THE DATA →
>>>
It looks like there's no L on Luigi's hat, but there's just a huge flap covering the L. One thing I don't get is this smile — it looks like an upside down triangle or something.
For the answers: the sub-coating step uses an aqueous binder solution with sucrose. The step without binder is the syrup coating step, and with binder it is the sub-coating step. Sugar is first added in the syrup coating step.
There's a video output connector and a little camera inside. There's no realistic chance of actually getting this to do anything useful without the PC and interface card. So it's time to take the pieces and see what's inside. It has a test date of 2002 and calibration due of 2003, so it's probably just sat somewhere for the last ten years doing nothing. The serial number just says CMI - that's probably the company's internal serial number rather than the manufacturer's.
<<<
>>>
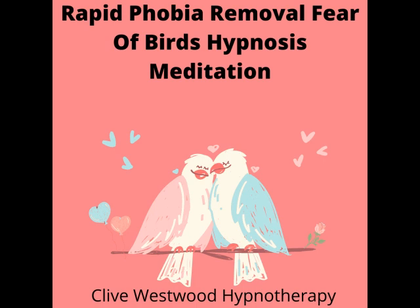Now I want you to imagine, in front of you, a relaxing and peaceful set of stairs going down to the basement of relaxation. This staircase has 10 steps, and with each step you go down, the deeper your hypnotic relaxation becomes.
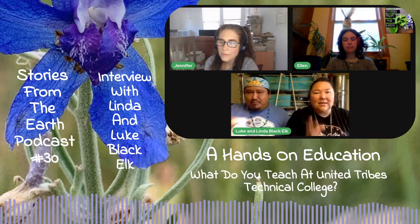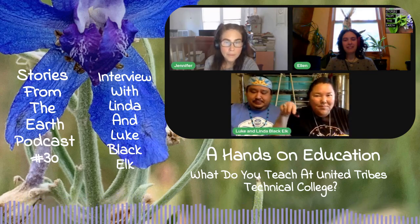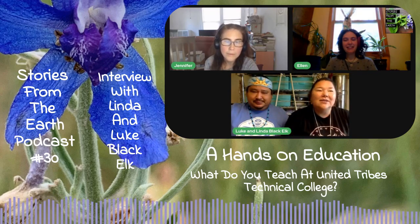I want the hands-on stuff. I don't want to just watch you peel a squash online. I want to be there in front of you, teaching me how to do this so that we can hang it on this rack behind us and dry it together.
<<<
Using the data above, reproduce exactly the lines from the line that contains "For the answers: the" through the line that contains "There's a video", including both.

EXERCISE OUTPUT →
For the answers: the sub-coating step uses an aqueous binder solution with sucrose. The step without binder is the syrup coating step, and with binder it is the sub-coating step. Sugar is first added in the syrup coating step.
There's a video output connector and a little camera inside. There's no realistic chance of actually getting this to do anything useful without the PC and interface card. So it's time to take the pieces and see what's inside. It has a test date of 2002 and calibration due of 2003, so it's probably just sat somewhere for the last ten years doing nothing. The serial number just says CMI - that's probably the company's internal serial number rather than the manufacturer's.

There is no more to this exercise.